▼▼▼

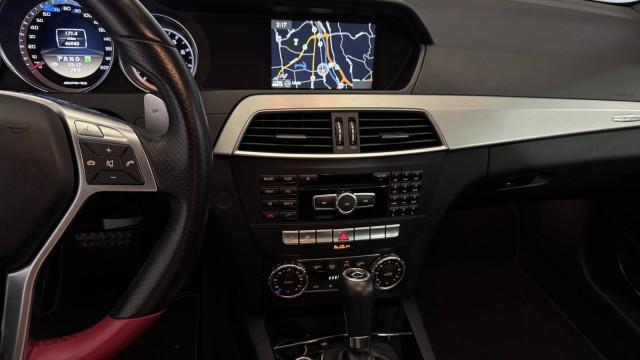 used 2012 Mercedes-Benz C-Class car, priced at $49,900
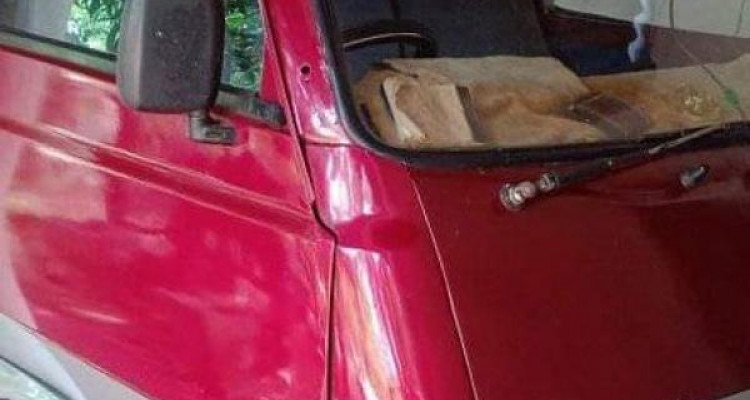 TOYOTA HIACE LH112 1982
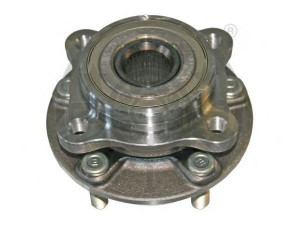 OPTIMAL 951618 rato guolio komplektas 
 Ašies montavimas/vairavimo mechanizmas/ratai -> Rato stebulė/montavimas -> Rato guolis
MB633276, MB633276, MB914617, MB928907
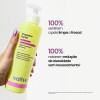 Limpador Facial Sallve Niacinamida e Extrato de Moringa 300ml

▲▲▲

▶ _ASSIGNMENT_: The lines from the one containing "OPTIMAL 951618 rato guolio komplektas" to the final line of the material, both ends included, should be retyped exactly and alone, with no pictures.

▶ _COMPLETED EXERCISE_:
 OPTIMAL 951618 rato guolio komplektas 
 Ašies montavimas/vairavimo mechanizmas/ratai -> Rato stebulė/montavimas -> Rato guolis
MB633276, MB633276, MB914617, MB928907
 Limpador Facial Sallve Niacinamida e Extrato de Moringa 300ml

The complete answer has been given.